215
submitted 1 year ago* (last edited 1 year ago) by take_five_seconds@hexbear.net to c/news@hexbear.net

They also didn't seed,

Supposedly, Meta tried to conceal the seeding by not using Facebook servers while downloading the dataset to "avoid" the "risk" of anyone "tracing back the seeder/downloader" from Facebook servers, an internal message from Meta researcher Frank Zhang said, while describing the work as in "stealth mode." Meta also allegedly modified settings "so that the smallest amount of seeding possible could occur," a Meta executive in charge of project management, Michael Clark, said in a deposition.

all 47 comments
sorted by: hot top new old
[-] AernaLingus@hexbear.net 103 points 1 year ago

Meta also allegedly modified settings "so that the smallest amount of seeding possible could occur,"

and to top it all off, they're goddamn leechers!

[-] buckykat@hexbear.net 62 points 1 year ago

81.7TB is so many fucking books

[-] context@hexbear.net 38 points 1 year ago

half of it is the complete works of chuck tingle

[-] buckykat@hexbear.net 19 points 1 year ago

SWIM has a folder of 9GB of books and it's a lot. This is almost ten thousand times that many.
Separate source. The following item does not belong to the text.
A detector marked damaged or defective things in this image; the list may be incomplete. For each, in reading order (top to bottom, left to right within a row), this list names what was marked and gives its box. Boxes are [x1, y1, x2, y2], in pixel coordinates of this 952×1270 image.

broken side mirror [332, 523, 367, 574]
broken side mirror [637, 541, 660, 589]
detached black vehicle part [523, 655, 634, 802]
[-] context@hexbear.net 18 points 1 year ago
[-] Nacarbac@hexbear.net 7 points 1 year ago

"Pounded in the butt by the AI graduated from Facebook's pirate training operation, but not very well compared to the lean efficiency of the pounding provided by DeepSeek with significantly less illegal torrenting, despite the eyepatch and parrot."
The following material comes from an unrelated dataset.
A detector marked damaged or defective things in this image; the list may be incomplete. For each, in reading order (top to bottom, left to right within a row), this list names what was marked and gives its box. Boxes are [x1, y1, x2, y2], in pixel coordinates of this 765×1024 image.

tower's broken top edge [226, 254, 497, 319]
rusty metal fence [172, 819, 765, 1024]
[-] context@hexbear.net 3 points 1 year ago

one of my personal favorites from chuck's january 2025 ouevre

[-] deforestgump@hexbear.net 62 points 1 year ago

They should be getting a cease and desist letter any day now

[-] Tachanka@hexbear.net 57 points 1 year ago

Corporation pirates millions of books to train AI: No charge

Bourgeois individual commits billions of dollars in fraud: 40 months in country club prison

Homeless man steals $100 and gives it back: 15 years in general population prison

Any questions?

[-] communism@lemmy.ml 7 points 1 year ago

jfc, please tell me he appealed the sentence

[-] PolandIsAStateOfMind@lemmygrad.ml 51 points 1 year ago

“so that the smallest amount of seeding possible could occur,”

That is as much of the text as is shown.